━━━━━ Information given

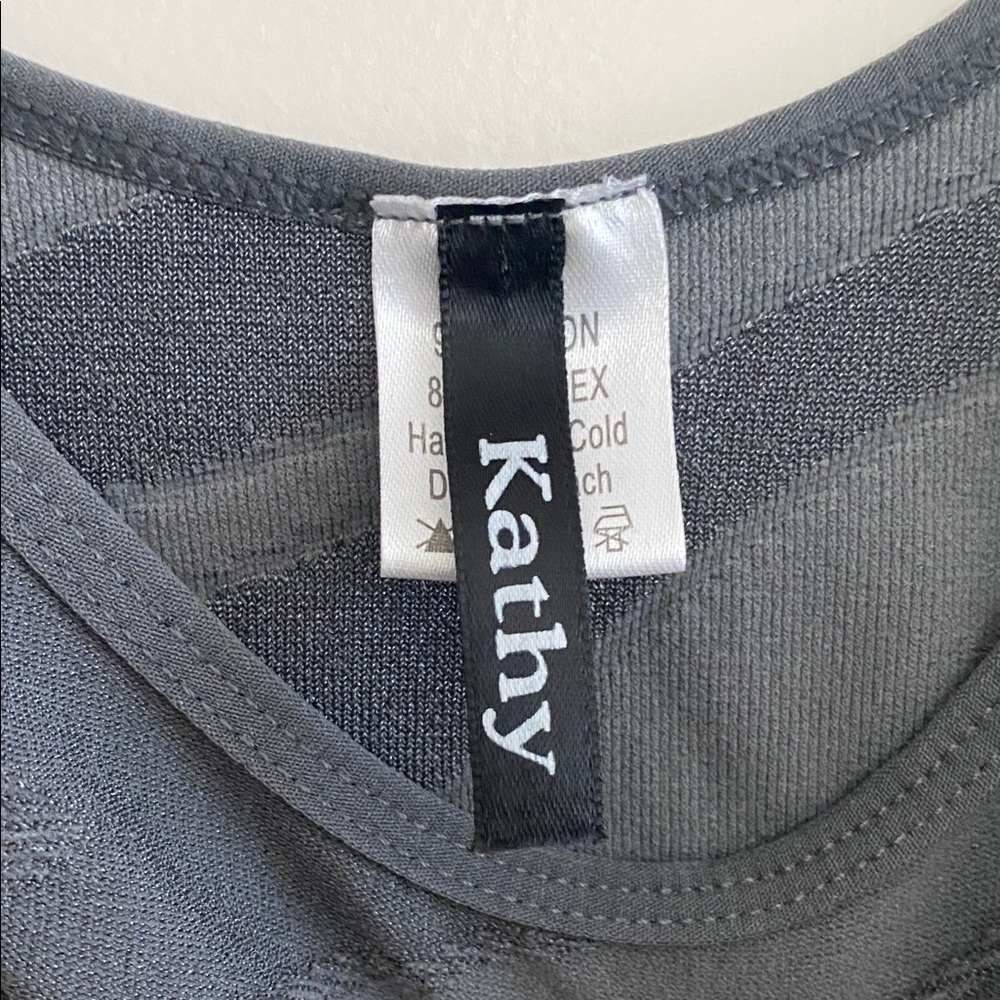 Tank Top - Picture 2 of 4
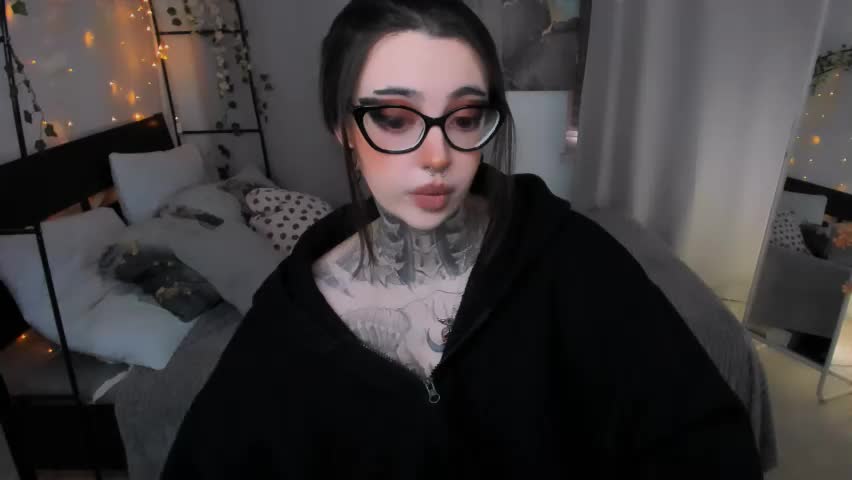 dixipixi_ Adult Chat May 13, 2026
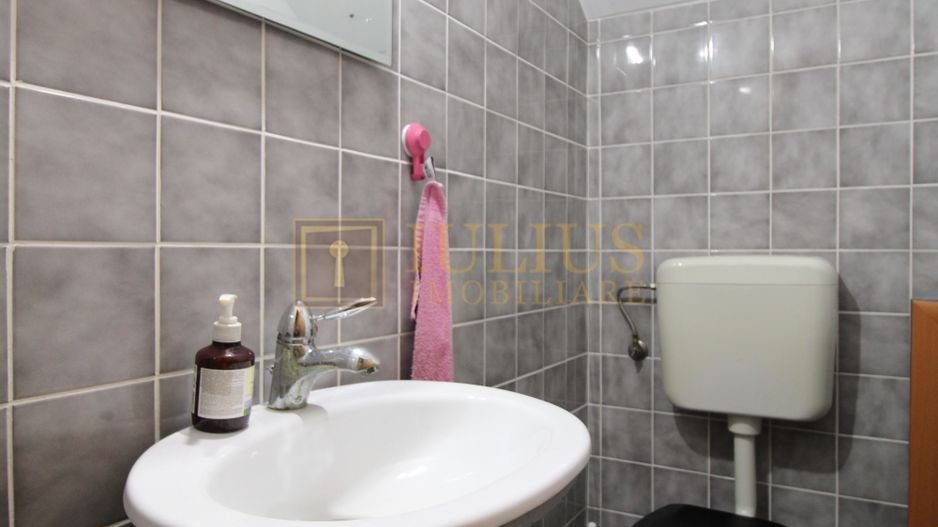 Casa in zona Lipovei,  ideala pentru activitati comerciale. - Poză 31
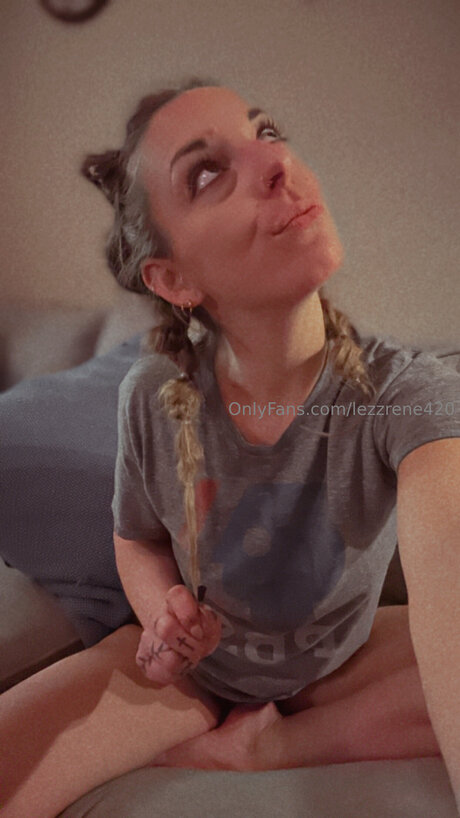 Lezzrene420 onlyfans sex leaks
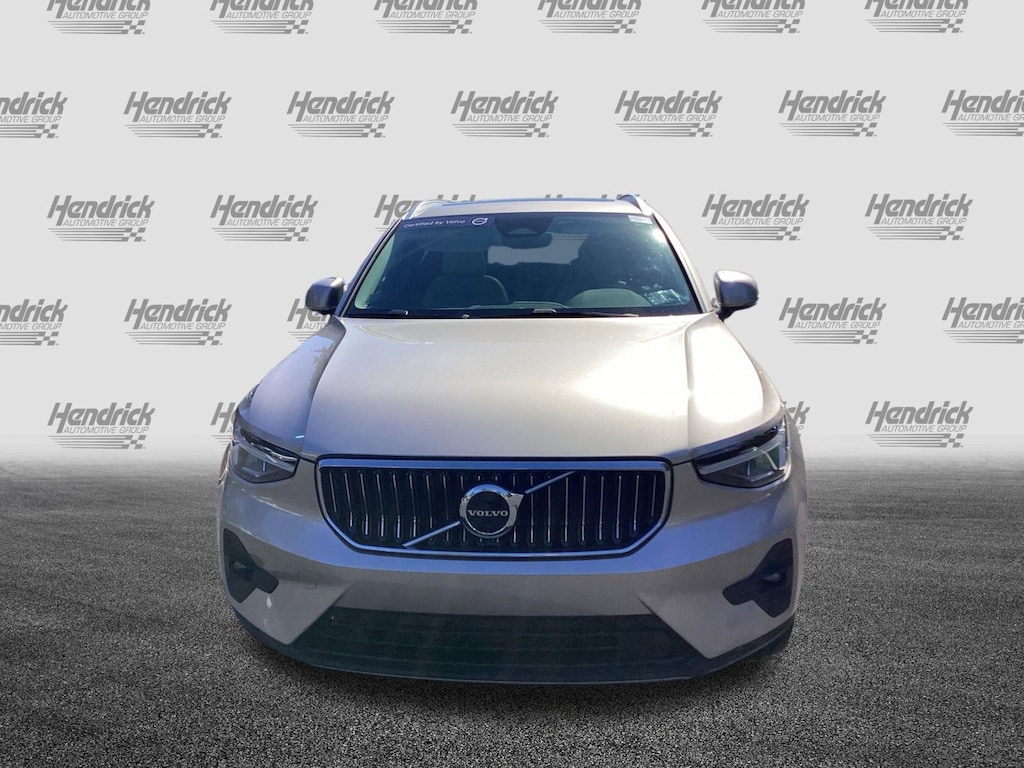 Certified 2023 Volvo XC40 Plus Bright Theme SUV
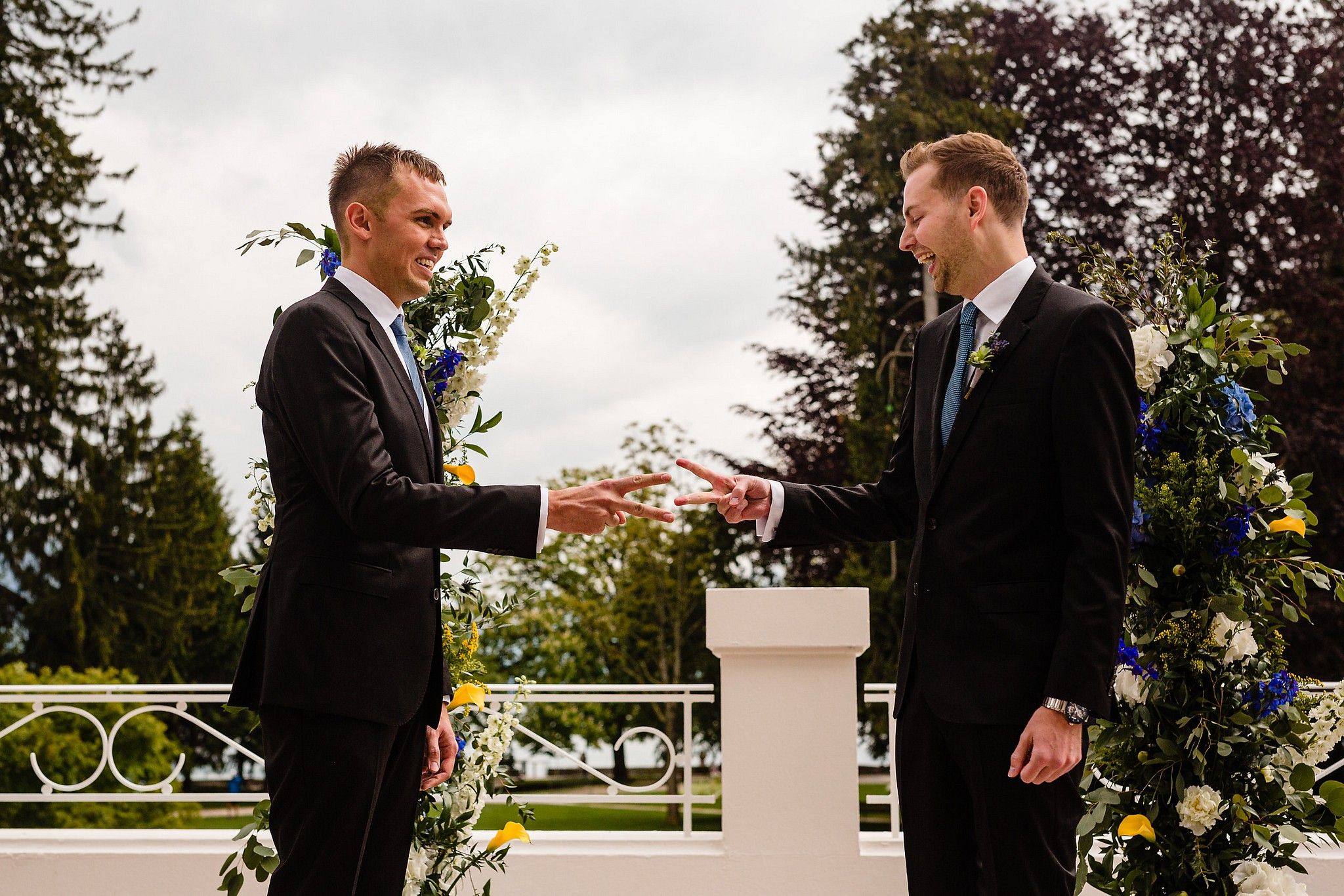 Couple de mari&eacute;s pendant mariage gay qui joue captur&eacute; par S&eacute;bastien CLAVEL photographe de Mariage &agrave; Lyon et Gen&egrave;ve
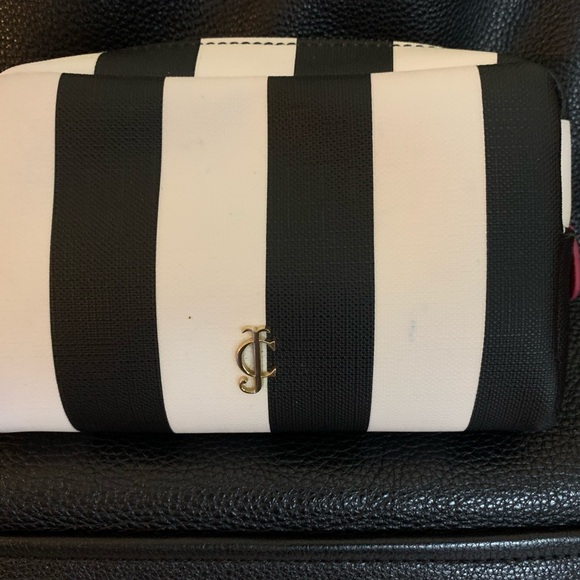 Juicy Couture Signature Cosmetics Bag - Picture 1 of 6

━━━━━━━━━━

What the task requires> Without including any pictures, return every line of the records exactly.

Result for this exercise>
 Tank Top - Picture 2 of 4
 dixipixi_ Adult Chat May 13, 2026
 Casa in zona Lipovei,  ideala pentru activitati comerciale. - Poză 31
 Lezzrene420 onlyfans sex leaks
 Certified 2023 Volvo XC40 Plus Bright Theme SUV
 Couple de mari&eacute;s pendant mariage gay qui joue captur&eacute; par S&eacute;bastien CLAVEL photographe de Mariage &agrave; Lyon et Gen&egrave;ve
 Juicy Couture Signature Cosmetics Bag - Picture 1 of 6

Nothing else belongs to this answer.